Algebra Kinematics: Ball above head, how fast must travel to

[Notaphysicsmajor]

Homework Statement

Hello there physicsforums,

I have a problem that I'd like feedback on as I'm not sure if I had solved it or approached it correctly.

A ball that is traveling 5m/s is 30 meters above a person who is standing still. How fast must the person travel in order to catch the ball?

To minimize confusion and misinterpretation I've decided to upload a visual of the problem, as well as my work involved:

http://imgur.com/m1tGOIA

Homework Equations

(Final velocity)^2 = (Initial velocity)^2 + 2 (acceleration)(change of distance)
(change of distance) = (Initial velocity)(time) + .5 (acceleration)(time)^2

The Attempt at a Solution

My logic:

My first approach was to find the time it would take the ball to get from the top of its trajectory to the person.

Once I found the time, I used that time to calculate how far the ball would have traveled on the x axis.

Knowing how far the ball traveled in the x-axis and how long it took, I then found the speed at which the person standing still would need to travel in order to cover that amount of distance in the certain amount of time.

I'm not sure if this is correct or not, but this was the only logical approach I could come up with.

 

[gneill]

Hi Notaphysicsmajor,

Welcome to Physics Forums!

Your logic is sound, if a bit overkill for the problem. Consider: what is the x-velocity of the ball? Does it ever change during its flight?

In your image you write an equation: $V_f^2 = 0 + 2(2.47)(12.35)$. It seems to me from your other work there that the 2.47 is a time value which seems strange. Is that the case? What's the original kinematic equation in symbols?

 

[Notaphysicsmajor]

Excellent observation my dear Watson!

Thank you for catching that, yes you are correct.

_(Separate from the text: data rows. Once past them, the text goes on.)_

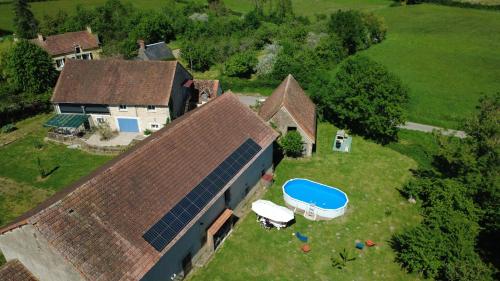 an aerial view of a house with solar panels on the roof at La cabane in Montipouret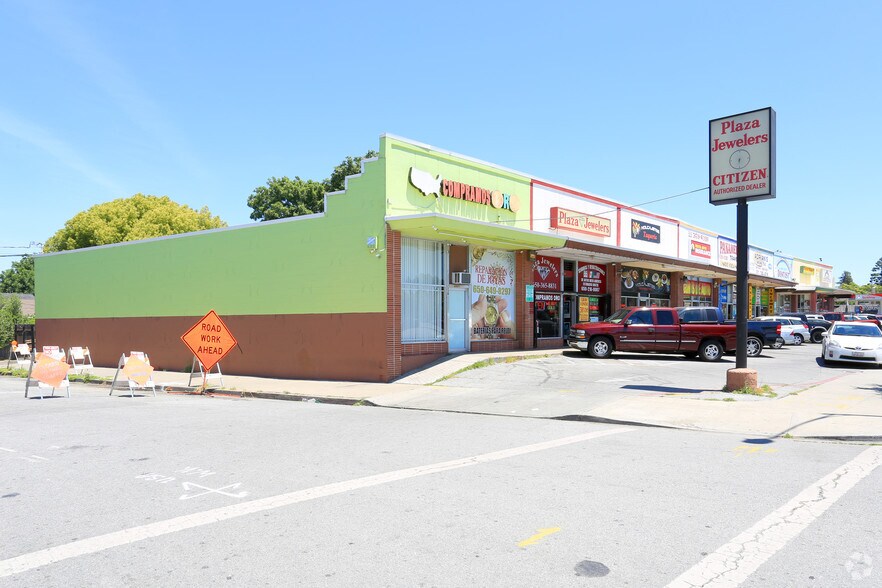 Primary Photo Of 3301 Middlefield Rd, Menlo Park Storefront For Sale
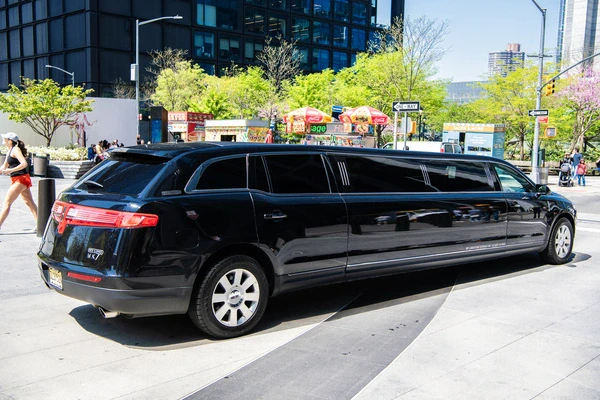 Airport Limo Service Airport Limo Service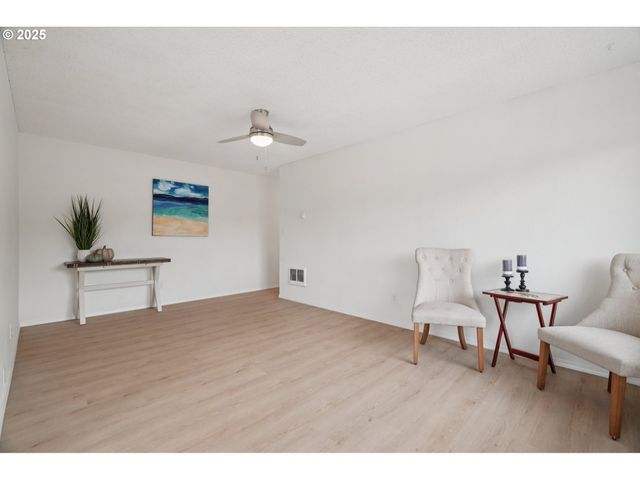 1495 Ne KANE Dr Ne, Gresham, OR 97030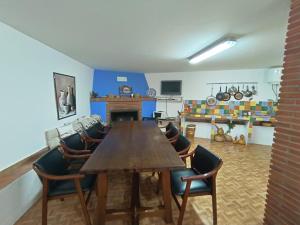 Cogollos de Guadixにある"El Coberteras"のダイニングルーム(木製テーブル、椅子付)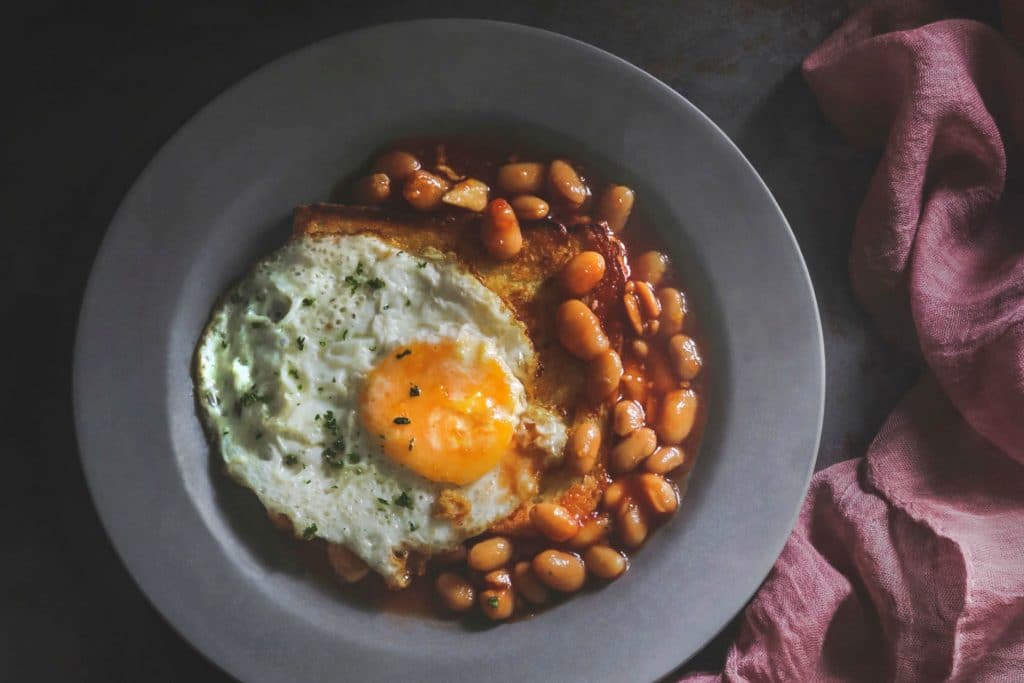 baked beans with toast and an egg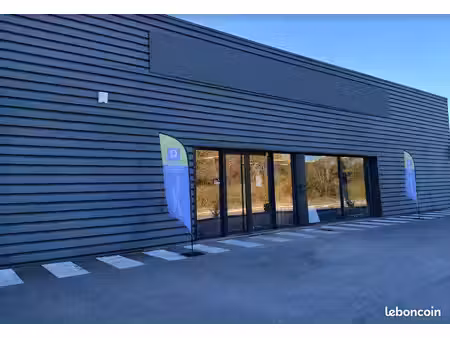 local commercial 370 m² arbent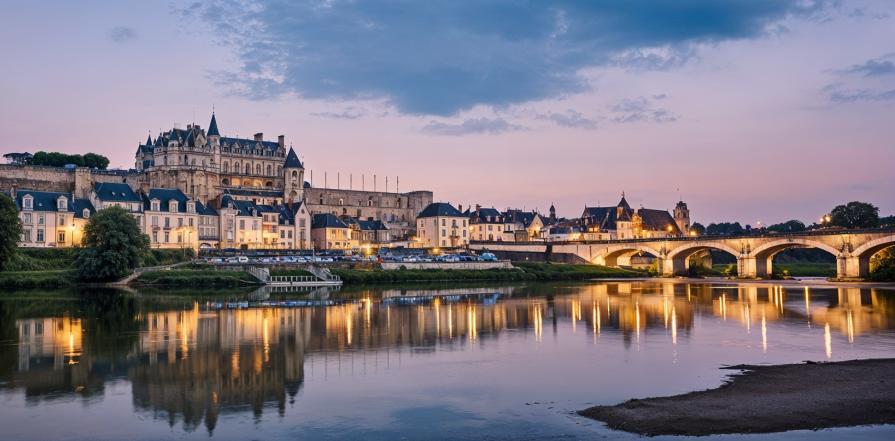 Loire Valley: medieval castles, gardens and troglodytes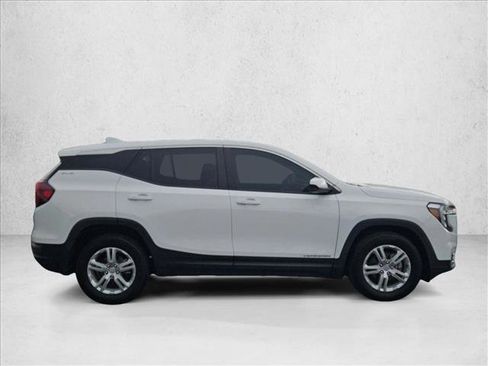 Used 2024 GMC Terrain SLE image 4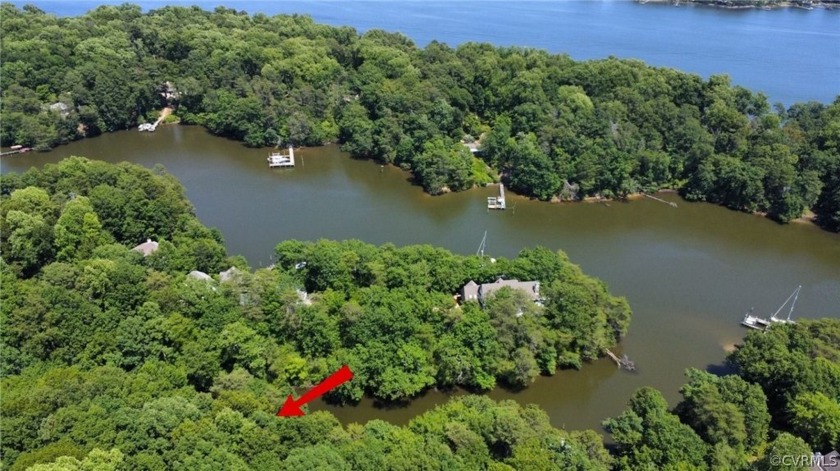 WATERFRONT LOT in desirable Wilton Coves Community located on - Beach Lot for sale in Hartfield, Virginia on Beachhouse.com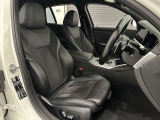 スポーツシートはサポートも良く長時間運転しても疲れません。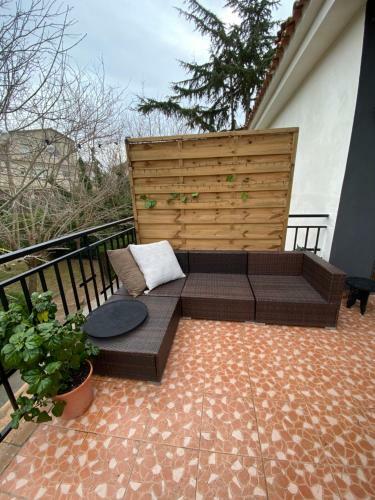 Charming Apartment In A Duplex With Garden & Balcony
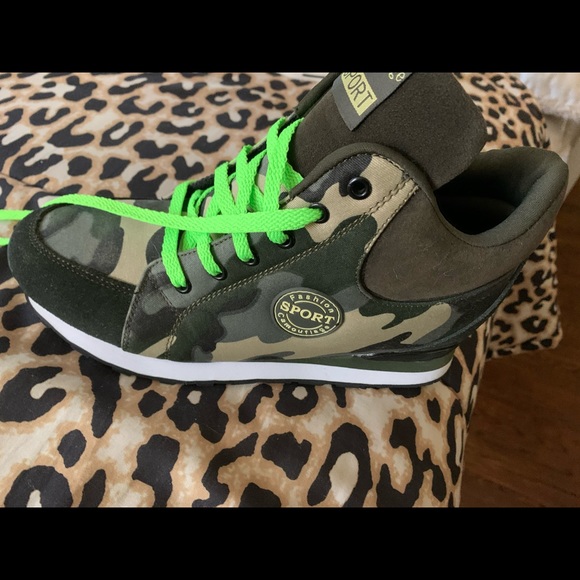 Camouflage wedge sneaker. - Picture 3 of 4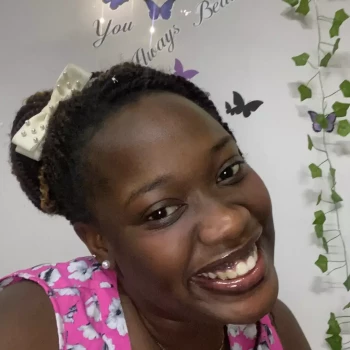 Opiekunka: Ayanfeoluwa A.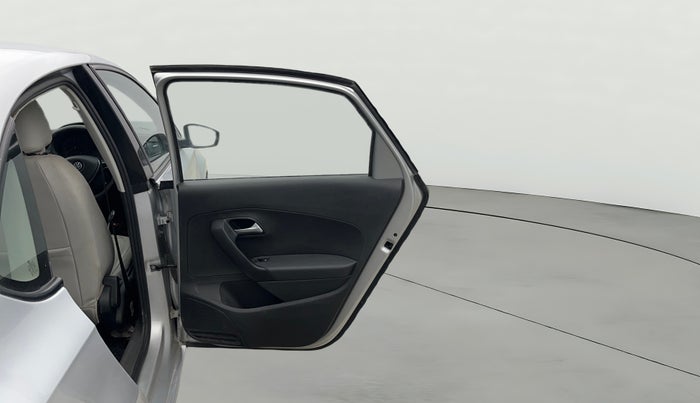 2015 Volkswagen Vento COMFORTLINE 1.6, Petrol, Manual, 90,615 km, RHS Rear Door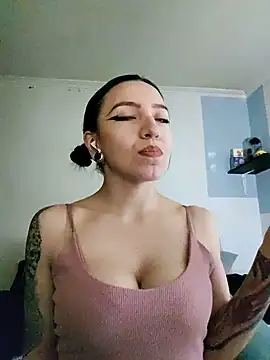 Snapshot of Paudelatorre chatting on 07-05-26, 10:28 Paudelatorre online show from 07-05-26, 10:28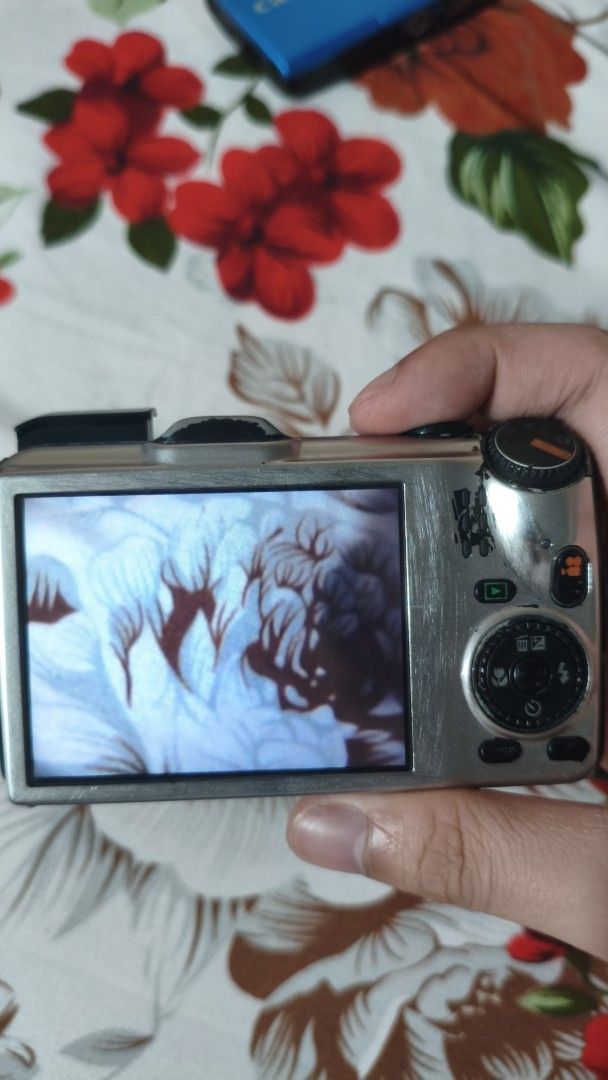 Fujifilm FinePix 550EXR Digicam (Category: Cameras) located in Pasay City. Submitted by re1ch (Listing ID 1462214153, Image 2). Description: Selling my Fujifilm FinePix F550EXR • 16MP EXR CMOS • 15X optical zoom • 24–360mm equivalent lens • Pop-up flash • Vintage digicam / CCD-CCD-like Fujifilm look • Fully functional • No functional issues • Zoom, flash, LCD, buttons and camera functions working Condition: Camera is fully working. Has visible co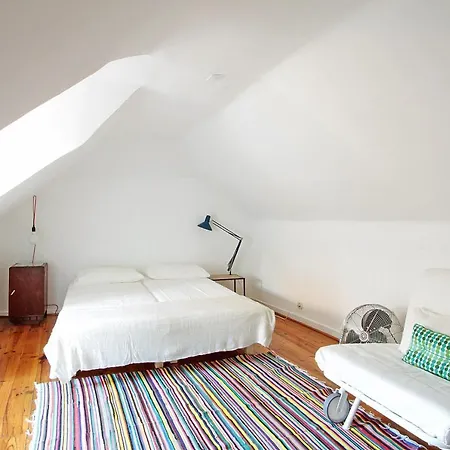 Bl Bairro Alto Famous Bica Funicular Street View شقة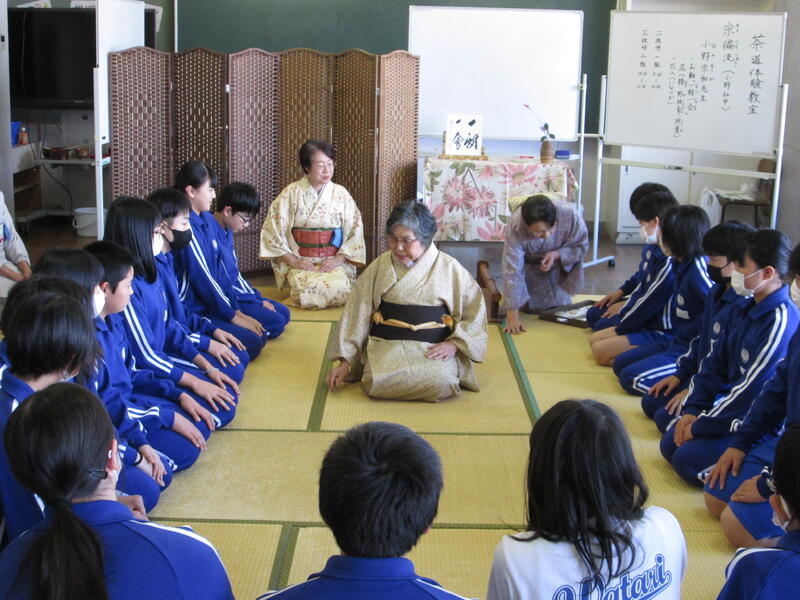 正座や礼の仕方を教えていただきました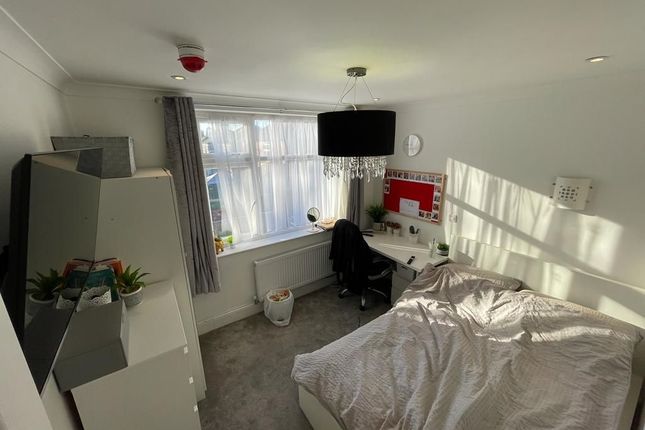 88 Kingswood Road, Manchester photo 5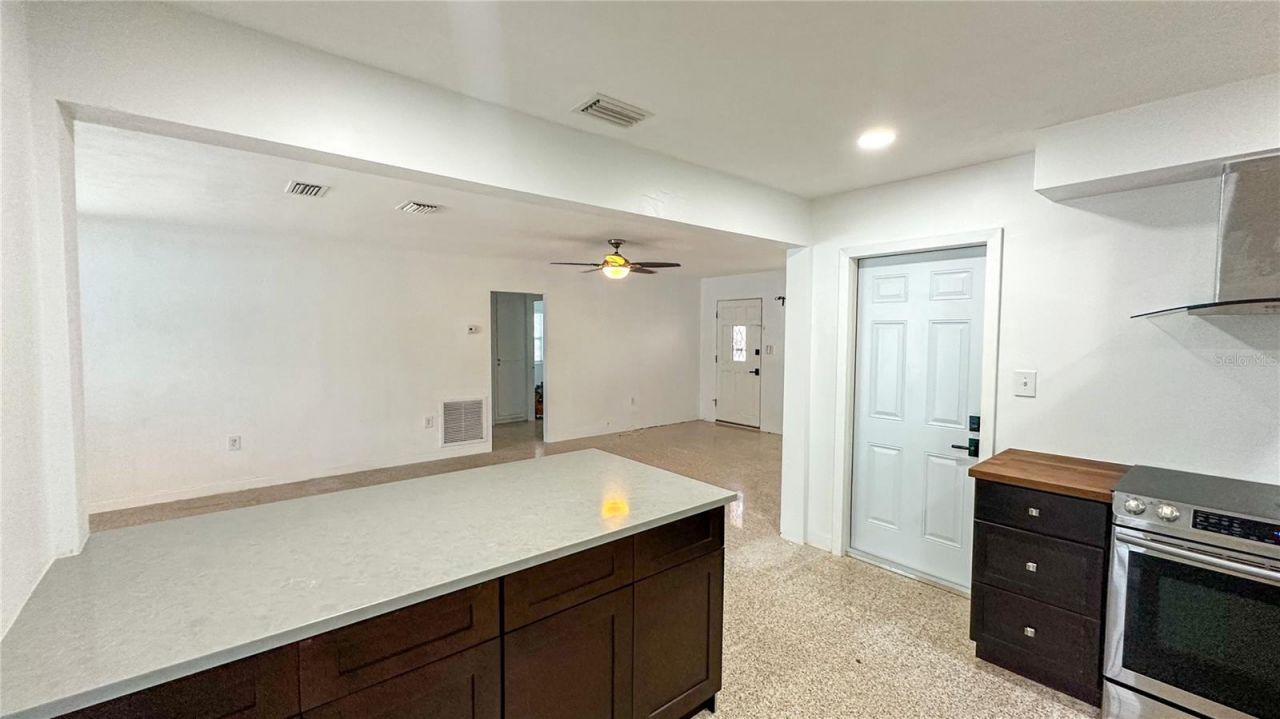 701 52nd Avenue S, Saint Petersburg, FL 33705 Photo
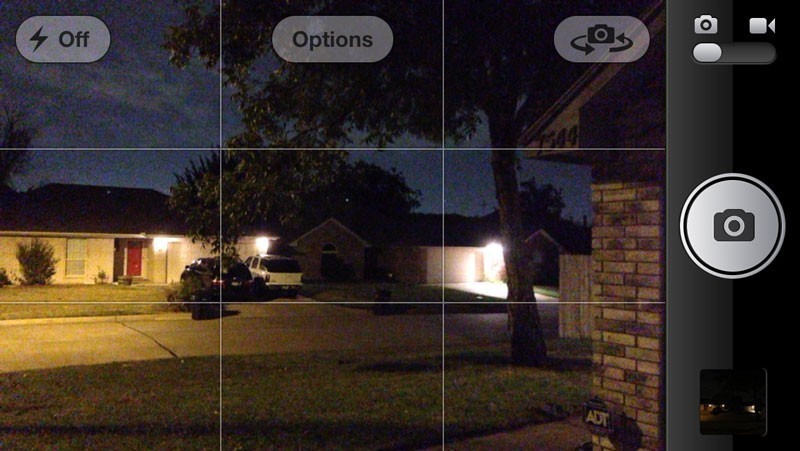 iPhone 5 low light mode only works in Apple Camera… so far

The equation is (Final velocity)^2 = (Initial velocity)^2 + 2(acceleration)(distance), and I had input time in the value for acceleration.

Correct me if I'm wrong, I should have used the formula (change of distance) = (Initial velocity)(time) + .5(acceleration)(time)^2 to find acceleration.

With acceleration now known, I can use (Final velocity) = (Initial velocity) + (acceleration)(time)

After a quick computation here is what I was able to come up with:

(change of distance) = (Initial velocity)(time) + .5(acceleration)(time)^2
Δd = V° + .5(a)(t)^2
12.35 = 0(2.47) + .5(a)(2.47)^2
Acceleration = 4.05(Final velocity) = (Initial velocity) + (acceleration)(time)
Vƒ = V° + (a)(t)
Vƒ = 0 + (4.05)(2.47)
Vƒ = 10

 

[gneill]

The question only asks, "How fast must the person travel in order to catch the ball?". If you assume constant speed for "how fast" then he only needs to stay under the ball...

 

[TomHart]

How fast must the person travel in order to catch the ball?

I thought the wording of this question was poor. What came to mind for me was that the person would be moving with a constant velocity. You have assumed that he would be accelerating with a constant velocity (EDIT: I mean constant acceleration). You may be right since it was stated that the person was originally "standing still".